Erlang Implementation
Account
Let’s start with the Erlang implementation of the account. The account is represented as a thread (process in Erlang’s parlance).The create function starts a new thread which executes the account body function. The body waits for any of a set of messages. A message is sent using rendezvous (blocking/synchronous) realized using the functions send/2, recv/0 and reply/2.
account_create() ->
{account, spawn(?MODULE, account_body, [0])}.
account_body(Balance) ->
case recv() of
{From, done} ->
reply(Balance, From),
done;
{From, get} ->
reply(Balance, From),
account_body(Balance);
{From, {set, Value}} ->
BalanceNew = Value,
reply(BalanceNew, From),
account_body(BalanceNew);
_ ->
account_body(Balance)
end.
account_get(Account) -> send(get, Account).
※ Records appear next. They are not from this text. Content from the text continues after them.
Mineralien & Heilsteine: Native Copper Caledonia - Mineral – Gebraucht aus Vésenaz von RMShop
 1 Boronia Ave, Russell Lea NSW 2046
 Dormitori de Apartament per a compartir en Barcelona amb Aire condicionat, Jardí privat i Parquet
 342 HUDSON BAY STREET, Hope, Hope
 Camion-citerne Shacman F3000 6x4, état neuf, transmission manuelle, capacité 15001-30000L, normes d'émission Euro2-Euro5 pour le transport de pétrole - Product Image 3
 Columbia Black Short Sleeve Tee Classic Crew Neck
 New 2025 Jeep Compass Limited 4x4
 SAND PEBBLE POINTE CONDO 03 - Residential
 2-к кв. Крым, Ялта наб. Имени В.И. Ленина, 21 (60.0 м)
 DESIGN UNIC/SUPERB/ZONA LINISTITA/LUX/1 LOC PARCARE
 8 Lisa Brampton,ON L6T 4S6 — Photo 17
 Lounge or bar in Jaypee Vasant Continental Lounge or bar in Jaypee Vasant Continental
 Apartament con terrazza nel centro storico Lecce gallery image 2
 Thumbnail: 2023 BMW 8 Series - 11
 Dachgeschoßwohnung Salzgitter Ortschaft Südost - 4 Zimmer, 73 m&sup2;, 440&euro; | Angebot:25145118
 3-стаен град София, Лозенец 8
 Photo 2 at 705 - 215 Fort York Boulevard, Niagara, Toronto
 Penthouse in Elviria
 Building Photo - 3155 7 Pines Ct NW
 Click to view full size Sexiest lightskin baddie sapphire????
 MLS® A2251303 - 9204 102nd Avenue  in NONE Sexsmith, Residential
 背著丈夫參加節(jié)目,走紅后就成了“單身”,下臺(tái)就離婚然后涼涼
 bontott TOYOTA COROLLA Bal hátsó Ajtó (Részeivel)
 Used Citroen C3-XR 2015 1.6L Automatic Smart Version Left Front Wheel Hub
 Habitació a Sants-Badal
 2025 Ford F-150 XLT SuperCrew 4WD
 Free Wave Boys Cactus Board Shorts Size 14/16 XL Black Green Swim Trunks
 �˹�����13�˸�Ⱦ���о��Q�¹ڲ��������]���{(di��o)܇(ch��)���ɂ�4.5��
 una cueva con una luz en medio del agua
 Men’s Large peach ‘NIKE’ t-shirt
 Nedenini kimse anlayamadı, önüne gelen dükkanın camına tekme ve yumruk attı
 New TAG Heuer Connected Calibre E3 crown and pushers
account_set(Account, Value) -> send({set,Value}, Account).
account_destroy(Account) -> send(done, Account).
Updater
An updater performs all of its operations and then terminates, notifying the bank about its ‘departure’.
updater_create(Id, Account, NumUpdates, RunMode) ->
{updater, Id, spawn(?MODULE, updater_body, [Id, Account, NumUpdates, RunMode])}.
updater_body(Id, Account, NumUpdates, RunMode) ->
io:format("Updater-~w: started~n", [Id]),
repeat(NumUpdates, fun() -> account_update(Account, +100, RunMode) end),
repeat(NumUpdates, fun() -> account_update(Account, -100, RunMode) end),
bank ! {updater, Id},
io:format("Updater-~w: terminated~n", [Id]).
account_update(Account, Value, unsafe) ->
Balance = account_get(Account), %READ
BalanceNew = Balance + Value, %MODIFY
account_set(Account, BalanceNew); %WRITE
The updater body uses a helper function repeat/2 that takes a positive number and a closure as arguments. The closure performs one function call account_update/3, which is the key to this blog post. The last parameter is the mode of operation. As you can see, currently I only show you the unsafe mode. First it calls get/1 to READ the balance value, then it MODIFY the value and finally it WRITE the value back using set/2, which sends the new balance value to the account thread. Both get/1 and set/2 are rendezvous functions. One might say that a rendezvous creates a mutex operation.
Helpers
Let’s quickly show the helper functions, to get them out of the picture.
send(Msg, {_,To}) ->
To ! {msg, self(), Msg},
receive
{reply, To, Result} -> Result
end.
recv() ->
receive
{msg, From, Msg} -> {From, Msg}
end.
reply(Msg, To) ->
To ! {reply, self(), Msg}.
repeat(0, _Task) ->
ok;
repeat(N, Task) when N > 0 ->
Task(),
repeat(N-1, Task).
Bank
Finally, here is the main function of the bank, that setups the system, runs it and tear it down again.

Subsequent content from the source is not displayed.